Eşiniz Soley Hanım ile yollarınız nasıl kesişti?

İlk defa İstanbul Üniversitesi çıkışında arkadaşlarıyla otobüse binerken görmüştüm onu. Çok zarif ve insana güven veren bir hali vardı. Sonra bir gün havaalanında telaşla uçağa giderken gördüm tekrar. Danışma sorumlusu olarak çalışıyordu havaalanında. İsmi Soley’miş. Tanıştık, çıkmaya başladık. Soley’e evlilik teklifimi öğrencisi olduğumuz Beyazıt’taki İstanbul Üniversitesi’nin bahçesinde büyük çınar ağacının gölgesindeki bankta yaptım.

Kaç yıllık evlisiniz?

1961’de evlendik. 60 yılı geçtik…

Yeni dizi ya da filmlerden izleyip beğendikleriniz var mı?

Şöyle söyleyeyim Yağmur, ben dizi seyretmiyorum. Çünkü yeni sistemde değişik bir çekim ve yapım var. Yani bizim yaptığımız filmlerin çekimine, hikâyelerine, anlatımına hiç uymuyor. Dolayısıyla beni pek bağlamıyor. 2 tane de dizi yaptım o da ayrı mesele. Ama sevemedim.

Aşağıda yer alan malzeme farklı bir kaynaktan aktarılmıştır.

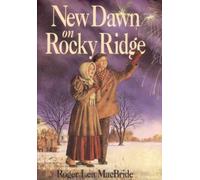 (New Dawn on Rocky Ridge) By MacBride, Roger Lea (Author) Paperback on 01-Jan-2000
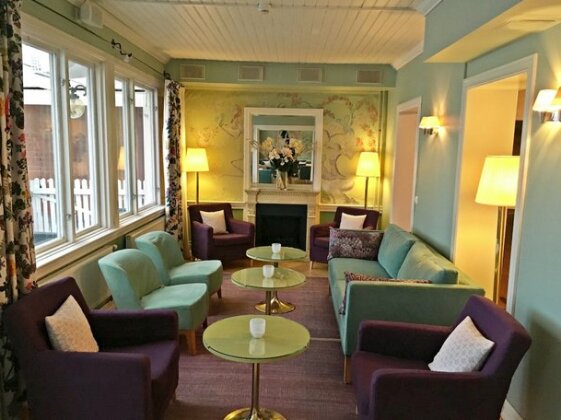 Mora Hotell & Spa - Photo5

Klasik Türk Müziği bestekârı Yesari Asım Ersoy'un yeğenisiniz değil mi? Sizin müziğe ilginiz var mıydı?

Amcam bestekâr Yesari Asım Arsoy… “Çamlık’a koşarken seni bir tenhaya çektim, aşkınla nasıl yandığımı söyleyecektim…” Var mı şimdiki şarkılarda böyle bir şey? Ey büyük insan… 70’li yılların başında Türk sinemasının sıkıntıya gireceği belli olmuştu çoktan. O sıralarda da amcam bana şarkıları yani Türk Sanat Müziğini aşılamaya başladı. Amcamın müsaadesiyle piyasada iş yapan bazı bestekârlardan da ders alıyordum. Nitekim 70’li yılların başında gazinolardaki iş düştü, çünkü o yıllara kadar çalışan kadrolar eskidi. Gazinocular, kadroları yenilemek lazım dediler. O zaman akıllarına geldi ki hazır şöhretler var. Yeşilçam’dan alalım dediler ve kafalarına göre seçtiler, çağırdılar, iyi paralar verdiler. Bu artistler de bu teklifleri kabul ettiler. Ama öyle bir şey ki musiki ile hiç alakası olmamış, hayatında bir şarkı dinlememiş, bir şarkı dahi söylememiş olanlar için büyük bir cesaretti bu. Halk bunları seyrederken, şarkıyı dinliyorlar ama bir yandan çektiği filmi konuşuyorlardı. İşe yaramıştı kısacası. Ama sonra 1 yıl dolmadan hepsi gönderildi. O sıralarda gazinocular kralı Fahrettin Aslan beni yemeğe çağırdı. Yeni kadro başlarken daima baş solist kadına tam sayfa ilan verilirdi. “Seninle çalışacağız ama sana da baş solist gibi tam sayfa ilan vereceğim ve seni öyle takdim edeceğim” dedi. İlk kadroda Behiye Aksoy, ben, Ajda Pekkan, Neriman Köksal vardı. 1983’e kadar sürecek sahne hayatım böylece başladı.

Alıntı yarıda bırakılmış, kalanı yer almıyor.